Kein Handel um des Handels Willen

Eine Studie von Booz Allen Hamilton zeigte 2003, dass sich der Energiehandel mit dem Enron-Skandal deutlich veränderte.
 
Vor 20 Jahren stand die Energiewirtschaft noch unter dem Eindruck der Enron-Pleite. Das amerikanische Unternehmen war jahrelang von Beratern, Branchenexperten und -beobachtern den sich langsam mit Futures, Calls, Puts und Optionen vertraut machenden deutschen Versorgern als leuchtendes Vorbild präsentiert worden. Doch in den Jahren 2001 und 2002 kamen nach und nach Details eines riesigen Bilanzbetrugs ans Licht, die schließlich zum Kollaps des Vorzeigekonzerns mit Hauptsitz im texanischen Houston führten. Unter dem Eindruck der Ereignisse zogen sich weitere amerikanische Energiehändler aus dem Markt zurück.

Die Folgen für das zarte Pflänzchen „Energiehandel“ in Deutschland waren gravierend. Mehr und mehr wurde den Versorgern bewusst, dass Risikomanagement ein integraler Bestandteil des Handelsgeschäfts sein muss. Und es kamen Zweifel auf, ob dem spekulative Handel tatsächlich noch das Attribut „Königsdisziplin des Tradings“ angeheftet werden kann.

Im Sommer 2003 hatte die Unternehmensberatung Booz Allen Hamilton eine Reihe von Energiehändlern zu ihrer aktuellen und künftigen Positionierung befragt. Die Antworten standen noch ganz im Zeichen des Rückzugs der Amerikaner, wie E&M-Redakteur Fritz Wilhelm damals erfuhr – unter anderem auch von Karlheinz Bozem, der damals für die Studie verantwortlich war.

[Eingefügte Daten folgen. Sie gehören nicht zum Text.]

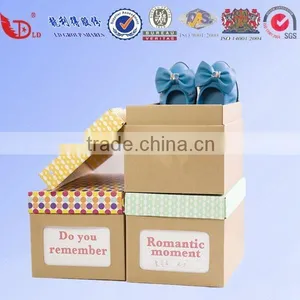 Custom Cheap Shoe Box ,empty Clear Shoe Box thumbnail-1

Die „klassischen“ Handelshäuser, wie etwa Enron oder Williams es waren, taugen nicht mehr als Vorbilder. Dies ergab eine Umfrage von Booz Allen Hamilton unter europäischen Energiehändlern. Demnach kommt es bei diesen verstärkt zu Neubewertungen der eigenen Geschäftsmodelle. Eine spürbare Veränderung der Marktdynamik und eine wesentlich geringere Liquidität im Großhandel als zu Zeiten aktiver und innovativer Amerikaner seien dafür ausschlaggebend. Zumindest auf kurze Sicht würden die Unternehmen, und zwar alle befragten Unternehmen, eine Fokussierung auf die konzerninterne Rolle des Trading zeigen beziehungsweise Geschäftsmodellen mit relativ geringen Risiken den Vorzug geben, so eine der zentralen Aussagen der Studie.

Die Kraftwerkseinsatzplanung und kurzfristige Optimierung gehört ebenso dazu wie Cross-border-arbitrage-Geschäfte, die auf fehlerhafter Preisfindung an den OTC-Märkten bei intransparenten grenzüberschreitenden Kapazitäten basieren. Sehr stark intern ausgerichtet ist auch die Rolle des Handels als dezentraler Portfoliomanager und damit als Dienstleister für die anderen Wertschöpfungsstufen beziehungsweise Drehscheibe und Schaltzentrale zwischen Erzeugung und Vertrieb.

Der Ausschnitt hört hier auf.